Darla is presented in the series both as a human and as a vampire with, as Benz put it, generally "pure" intentions. In an interview with TheTVAddict, Benz said:

Darla's just misunderstood. Her intentions are pure, they're just kind of warped. From her perspective—first she has to eat—she just happens to eat people! Second, she was in love with Angel, and I always viewed Darla as the jilted ex-wife that could never get over being dumped. If you really look at her, you can have sympathy and empathy for her. In the beginning of her life she was a prostitute, Joss and I actually talked about that a lot, that she was probably abused growing up. She did what she needed to do to survive, she just lacked the people skills.

Achieving Darla's look was a struggle for Benz. She said: "Taking that makeup off, it was like having six layers of skin ripped off your face every time. It was miserable and the contact lenses were terrible. I don’t wear contacts and I don’t know how people do it, sticking things in their eyeballs all the time." The character's sense of fashion is vital to understanding her past. Benz says Darla is "dressed to the nines" in every time period in which she lives, and "she fully goes after a certain look. If she’s going to be living during the Boxer Rebellion time, she’s got the big Gibson Girl hair style and the beautiful kimono-style clothes." Benz points out that in the Buffy pilot episode, Darla—attempting to dress like a high school student—exaggerates it with a "little twist", wearing a Catholic schoolgirl uniform instead. "I think I influenced Darla fashion-wise in the second season of Angel where she was a little more classic-looking and tailored," Benz says, explaining she collaborated with the costume designer to transition Darla into a "hipper look" when she became a vampire again.
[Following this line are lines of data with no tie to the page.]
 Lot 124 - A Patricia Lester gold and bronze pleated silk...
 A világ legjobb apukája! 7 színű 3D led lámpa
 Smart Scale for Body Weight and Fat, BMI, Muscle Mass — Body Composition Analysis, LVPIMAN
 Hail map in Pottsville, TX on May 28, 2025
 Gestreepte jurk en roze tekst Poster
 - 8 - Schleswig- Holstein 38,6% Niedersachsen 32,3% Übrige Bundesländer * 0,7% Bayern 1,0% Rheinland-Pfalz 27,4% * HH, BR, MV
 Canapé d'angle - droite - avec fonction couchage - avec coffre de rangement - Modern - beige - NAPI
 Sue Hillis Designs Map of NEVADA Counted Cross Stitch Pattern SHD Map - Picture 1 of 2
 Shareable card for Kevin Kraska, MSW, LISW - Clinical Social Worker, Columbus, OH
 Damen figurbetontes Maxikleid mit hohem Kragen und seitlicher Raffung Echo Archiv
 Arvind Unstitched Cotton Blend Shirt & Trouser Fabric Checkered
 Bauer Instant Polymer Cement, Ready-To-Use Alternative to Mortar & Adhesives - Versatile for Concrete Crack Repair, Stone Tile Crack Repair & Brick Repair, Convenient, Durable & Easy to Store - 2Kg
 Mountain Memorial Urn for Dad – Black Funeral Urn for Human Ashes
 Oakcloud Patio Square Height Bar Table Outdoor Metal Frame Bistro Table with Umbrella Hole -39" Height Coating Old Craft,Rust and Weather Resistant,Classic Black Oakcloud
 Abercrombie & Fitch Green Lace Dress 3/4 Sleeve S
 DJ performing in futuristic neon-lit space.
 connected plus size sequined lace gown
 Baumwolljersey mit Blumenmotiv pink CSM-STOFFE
Darla shockingly becomes pregnant in the third season of Angel. In an interview with the BBC, Benz admitted:

Yeah, I really felt at that point she was pretty strung out. Her whole world was rocked. She never thought she could get pregnant and then all of a sudden she's carrying this child and she's experiencing this soul for the first time in four hundred years. [There's] the realisation that as soon as the baby's born the soul's going to go away, and it's the first time she really experienced true love, so she was going through a lot emotionally. I just didn't think that she would have time to really think about how she looked. I don't think it was a priority, and so for me as an actor it was important that I reveal that. Not get caught up in my own vanity as an actress, and portray the character as where she really was.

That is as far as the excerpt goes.